Avant-propos
- Type de publication : Article de revue
- Revue : Bulletin de la Société Paul Claudel
2016 – 1, n° 218. varia - Auteur : Millet-Gérard (Dominique)
- Pages : 11 à 12
- Revue : Bulletin de la Société Paul Claudel
AVANT-PROPOS
Les circonstances aidant, nous avons voulu présenter ici un ensemble que l’on pourra lire comme un complément à la Correspondance de Paul Claudel avec les ecclésiastiques de son temps1. Des lettres en effet ont ressurgi depuis cette publication, et il nous a semblé que le Bulletin de la Société Paul Claudel était le meilleur lieu pour les accueillir et les faire connaître. Il s’agit de trois correspondants, deux prêtres diocésains, l’un professeur à l’Institut catholique de Paris et futur prélat de Sa Sainteté, et l’autre simple curé dans son diocèse d’Avignon ; le troisième, un jésuite, le P. Auguste Valensin. Du premier nous avions les lettres à Claudel, déjà publiées, mais il nous manquait les réponses ; celles du (et au) second ont été retrouvées et identifiées grâce au zèle sans faille de Marie-Ève Benoteau-Alexandre ; enfin celles adressées par Claudel au troisième se trouvaient aux archives jésuites de Vanves : mais il nous manque encore les réponses du P. Valensin. On n’en a jamais fini avec les correspondances, et on peut toujours s’attendre à de nouvelles surprises.

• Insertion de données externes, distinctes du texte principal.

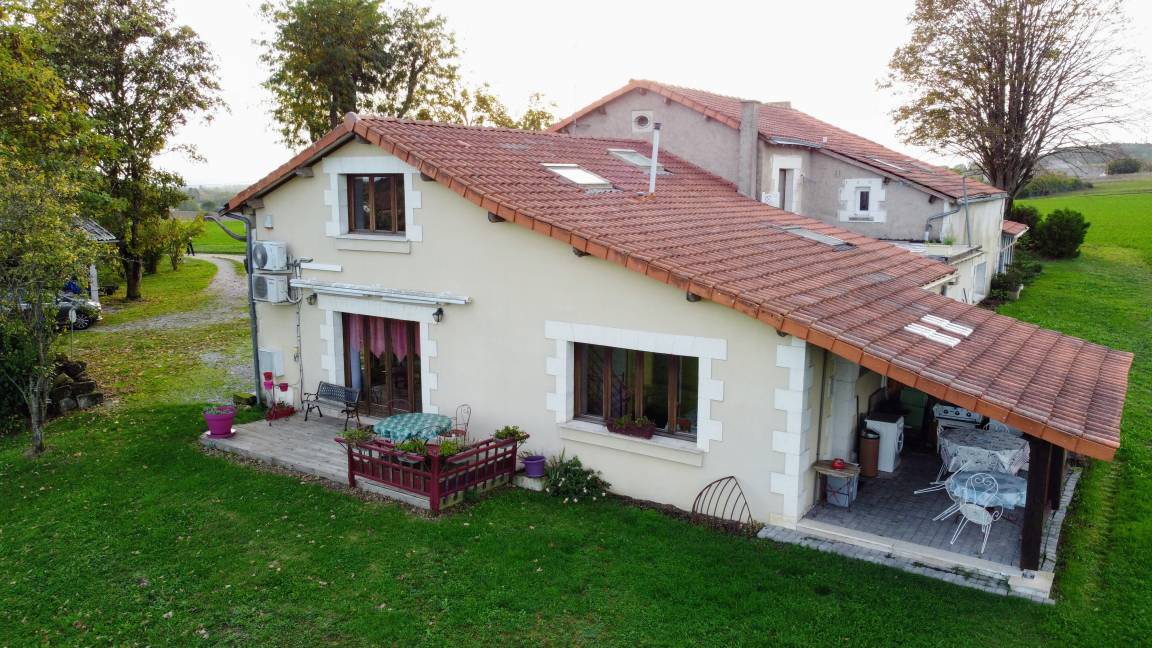 Scorbe-Clairvaux Apartment | 52 m² Apartment ∙ 2 bedrooms ∙ 9 guests
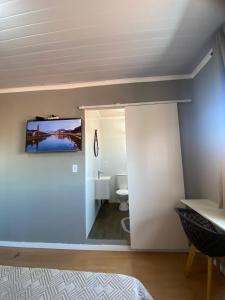 TV a/nebo společenská místnost v ubytování Suíte Madri Aconchegante e Charmosa + 4 fotografie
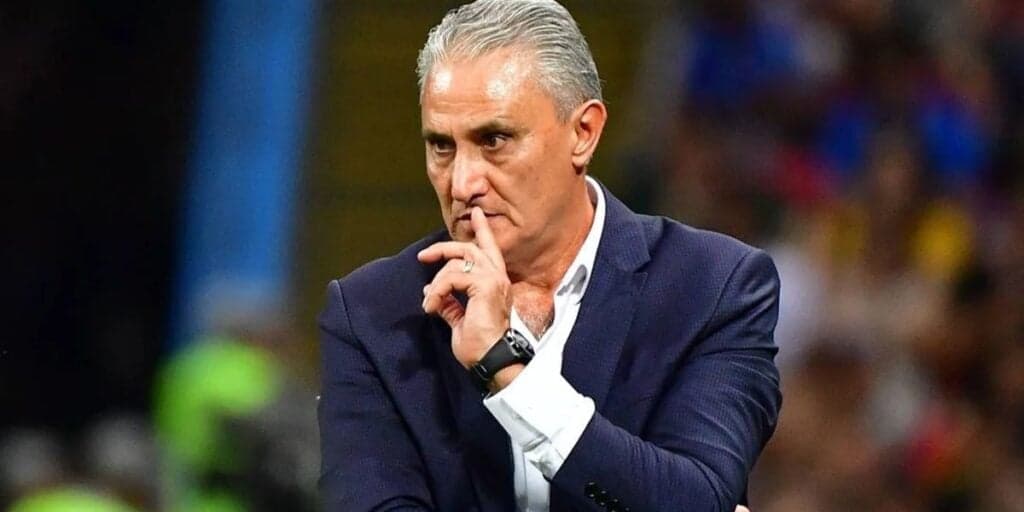 Retorno triunfal: Tite volta atrás e deixa o Corinthians agonizando para assinar com rival do Brasileirão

Ces lettres sont assez tardives et de sujets divers ; l’échange avec le P. Valensin se concentre sur quelques mois de l’année 1935 et concerne des affaires privées ; les deux autres sont strictement contemporains, entre 1944 et 1946 ; ils traitent de la matière biblique, qui est devenue l’intérêt majeur du poète : Psaumes pour l’abbé Théolas, exégèse spirituelle pour l’abbé Combes. Nous sommes alors plongés au cœur de cette passion pour le texte sacré qui s’est emparée de Claudel, passion de le lire, de le réécrire, de s’enquérir des interprétations traditionnelles pour mieux à son tour le comprendre, le pénétrer, en goûter toute la saveur.
Nous y avons joint deux articles qui peuvent apporter quelque éclairage sur la manière dont Claudel était perçu, sur le vif, par le clergé qui lui était contemporain. Le premier angle d’approche est celui du théâtre, plus précisément de ce Soulier de Satin dont l’impact a été si
fort lorsqu’il a été représenté pendant la guerre ; nous donnons ici un certain nombre de témoignages de l’écho qu’il suscite chez des prêtres qui le lisent, l’entendent à la radio, plus rarement le voient ou même le jouent ; on verra à quel point le poète prend sa place naturellemet au centre de cette catholicité qu’il entend servir, et comment son esthétique, pourtant surprenante à plus d’un titre, est spontanément perçue comme faisant corps avec la doctrine qu’elle illustre. Ce n’est que dans les hautes sphères que les choses se sclérosent quelque peu ; l’étiquette vaticane, et les intrigues des Monsignori – nihil novi sub sole – auront raison du projet périlleux de représentation de L’Annonce faite à Marie en présence du Souverain Pontife, mais point de l’admiration aussi sincère que discrète que Pie XII porte à Claudel, chaleureusement rendue par le poète à ce grand pape.
Dominique Millet-Gérard
Université Paris-Sorbonne
1 Éditée par Dominique Millet-Gérard, 3 volumes, Champion, 2005 et 2008 (désormais Corr. I, Corr. II/1 et Corr. II/2).